- **Provided records**
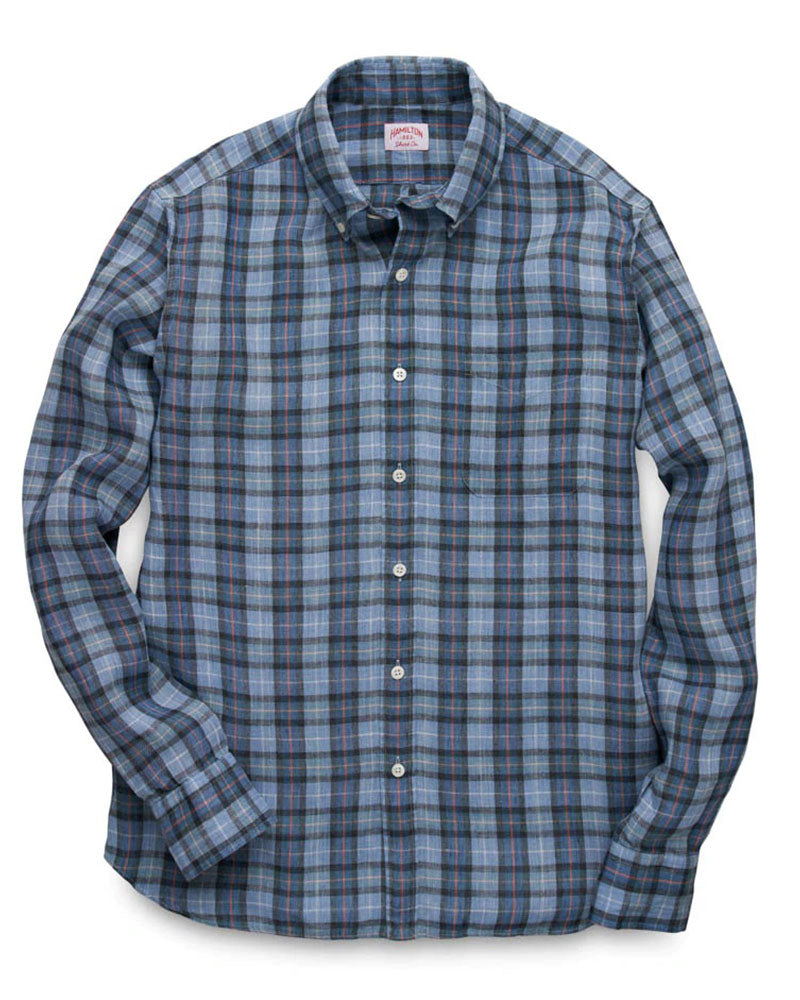 Clark Linen Plaid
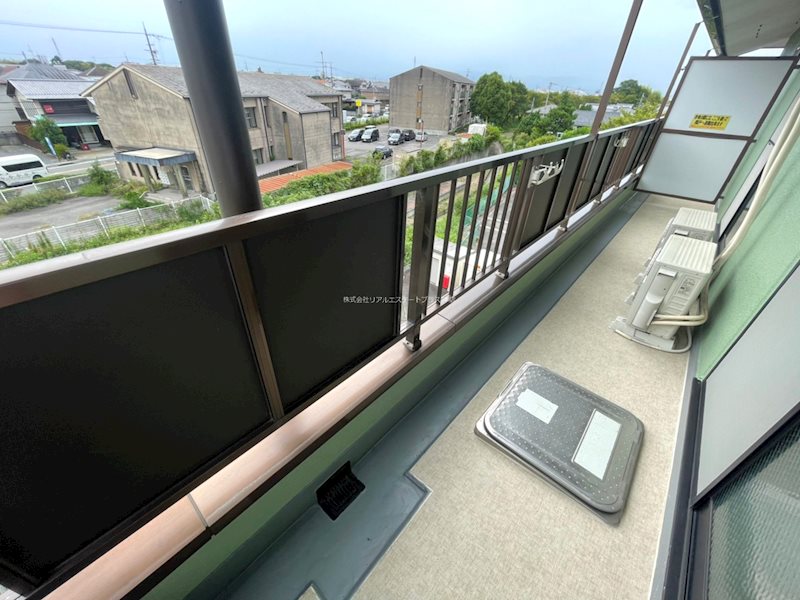 アパートメント178 ベランダ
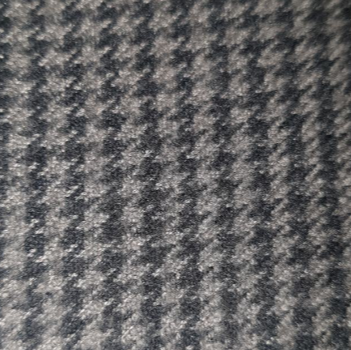 Marcus Fabrics Primo FLANNEL in Black/Grey houndstooth *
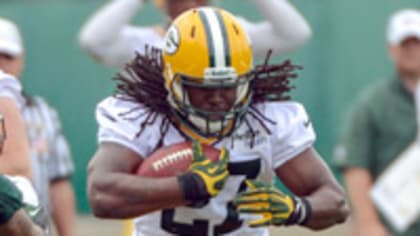 Eddie Lacy wants to get toehold in Packers' backfield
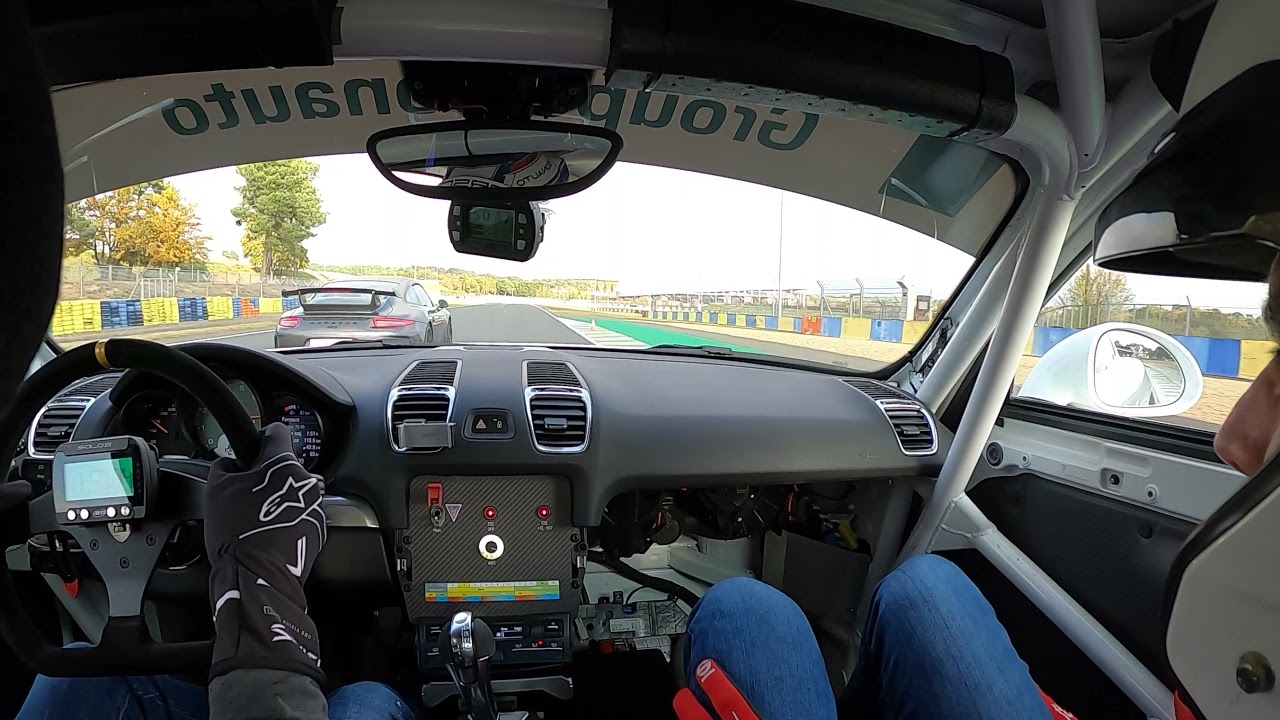 2021 11  - Le mans Bugatti Mathieu Jaminet  - Porsche GT4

- **Exercise instructions**
Set down, in exact form, only the lines that start at the one containing "アパートメント178 ベランダ" and finish at the last line of the material; pictures do not go in.

- **Answer to the problem**
 アパートメント178 ベランダ
 Marcus Fabrics Primo FLANNEL in Black/Grey houndstooth *
 Eddie Lacy wants to get toehold in Packers' backfield
 2021 11  - Le mans Bugatti Mathieu Jaminet  - Porsche GT4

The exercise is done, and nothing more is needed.